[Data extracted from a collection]
━━━━━━━━━━━━━━━━

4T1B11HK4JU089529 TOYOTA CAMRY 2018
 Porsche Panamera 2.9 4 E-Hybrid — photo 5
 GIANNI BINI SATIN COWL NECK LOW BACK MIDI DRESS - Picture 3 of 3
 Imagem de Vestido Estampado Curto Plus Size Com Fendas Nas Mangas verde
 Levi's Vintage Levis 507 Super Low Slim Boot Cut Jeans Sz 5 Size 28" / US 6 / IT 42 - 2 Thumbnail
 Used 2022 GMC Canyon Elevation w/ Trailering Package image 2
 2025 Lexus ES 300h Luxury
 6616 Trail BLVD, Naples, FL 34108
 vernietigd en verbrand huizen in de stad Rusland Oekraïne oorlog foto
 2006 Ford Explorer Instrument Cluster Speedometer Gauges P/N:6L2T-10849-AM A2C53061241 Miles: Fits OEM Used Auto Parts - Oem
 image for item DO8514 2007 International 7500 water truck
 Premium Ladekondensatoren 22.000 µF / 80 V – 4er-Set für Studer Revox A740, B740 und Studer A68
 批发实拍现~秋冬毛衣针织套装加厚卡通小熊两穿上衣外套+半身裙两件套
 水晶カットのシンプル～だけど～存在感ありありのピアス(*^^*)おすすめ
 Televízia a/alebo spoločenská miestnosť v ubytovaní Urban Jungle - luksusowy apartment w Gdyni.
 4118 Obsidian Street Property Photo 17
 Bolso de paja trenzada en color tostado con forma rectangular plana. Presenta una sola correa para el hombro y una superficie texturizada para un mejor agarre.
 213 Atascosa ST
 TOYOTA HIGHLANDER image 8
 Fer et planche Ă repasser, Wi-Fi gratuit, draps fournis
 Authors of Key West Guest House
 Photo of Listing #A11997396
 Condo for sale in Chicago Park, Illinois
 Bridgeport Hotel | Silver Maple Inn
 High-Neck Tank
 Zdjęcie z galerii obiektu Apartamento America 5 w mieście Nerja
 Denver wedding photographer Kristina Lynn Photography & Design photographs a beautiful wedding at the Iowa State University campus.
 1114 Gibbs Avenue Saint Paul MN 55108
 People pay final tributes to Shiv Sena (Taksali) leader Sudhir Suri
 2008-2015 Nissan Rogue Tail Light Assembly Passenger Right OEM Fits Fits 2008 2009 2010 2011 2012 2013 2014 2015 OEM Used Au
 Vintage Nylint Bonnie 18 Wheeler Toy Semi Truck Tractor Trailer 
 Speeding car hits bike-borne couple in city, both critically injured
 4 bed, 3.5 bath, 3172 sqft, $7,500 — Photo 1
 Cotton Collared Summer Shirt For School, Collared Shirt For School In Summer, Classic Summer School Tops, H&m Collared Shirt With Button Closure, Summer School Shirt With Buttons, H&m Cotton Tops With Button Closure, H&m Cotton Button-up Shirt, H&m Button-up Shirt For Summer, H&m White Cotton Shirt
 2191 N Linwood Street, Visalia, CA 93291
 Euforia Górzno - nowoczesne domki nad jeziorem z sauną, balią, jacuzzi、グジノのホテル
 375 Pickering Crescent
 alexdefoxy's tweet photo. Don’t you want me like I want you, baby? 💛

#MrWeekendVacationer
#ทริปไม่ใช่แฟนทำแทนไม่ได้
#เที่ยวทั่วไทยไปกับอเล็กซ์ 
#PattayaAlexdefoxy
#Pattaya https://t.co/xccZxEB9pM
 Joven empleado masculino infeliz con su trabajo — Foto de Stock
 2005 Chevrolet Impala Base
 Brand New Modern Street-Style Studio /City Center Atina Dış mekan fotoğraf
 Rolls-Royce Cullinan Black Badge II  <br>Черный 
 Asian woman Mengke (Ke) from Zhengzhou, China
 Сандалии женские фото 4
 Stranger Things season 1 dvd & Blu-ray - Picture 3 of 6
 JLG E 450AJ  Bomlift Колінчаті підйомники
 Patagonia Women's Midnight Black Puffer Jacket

━━━━━━━━━━━━━━━━

### Work item
Print each line, exactly as written, from the one that contains "Cotton Collared Summer" to the end of the data above, with both end lines included and nothing else.

### Task output
 Cotton Collared Summer Shirt For School, Collared Shirt For School In Summer, Classic Summer School Tops, H&m Collared Shirt With Button Closure, Summer School Shirt With Buttons, H&m Cotton Tops With Button Closure, H&m Cotton Button-up Shirt, H&m Button-up Shirt For Summer, H&m White Cotton Shirt
 2191 N Linwood Street, Visalia, CA 93291
 Euforia Górzno - nowoczesne domki nad jeziorem z sauną, balią, jacuzzi、グジノのホテル
 375 Pickering Crescent
 alexdefoxy's tweet photo. Don’t you want me like I want you, baby? 💛

#MrWeekendVacationer
#ทริปไม่ใช่แฟนทำแทนไม่ได้
#เที่ยวทั่วไทยไปกับอเล็กซ์ 
#PattayaAlexdefoxy
#Pattaya https://t.co/xccZxEB9pM
 Joven empleado masculino infeliz con su trabajo — Foto de Stock
 2005 Chevrolet Impala Base
 Brand New Modern Street-Style Studio /City Center Atina Dış mekan fotoğraf
 Rolls-Royce Cullinan Black Badge II  <br>Черный 
 Asian woman Mengke (Ke) from Zhengzhou, China
 Сандалии женские фото 4
 Stranger Things season 1 dvd & Blu-ray - Picture 3 of 6
 JLG E 450AJ  Bomlift Колінчаті підйомники
 Patagonia Women's Midnight Black Puffer Jacket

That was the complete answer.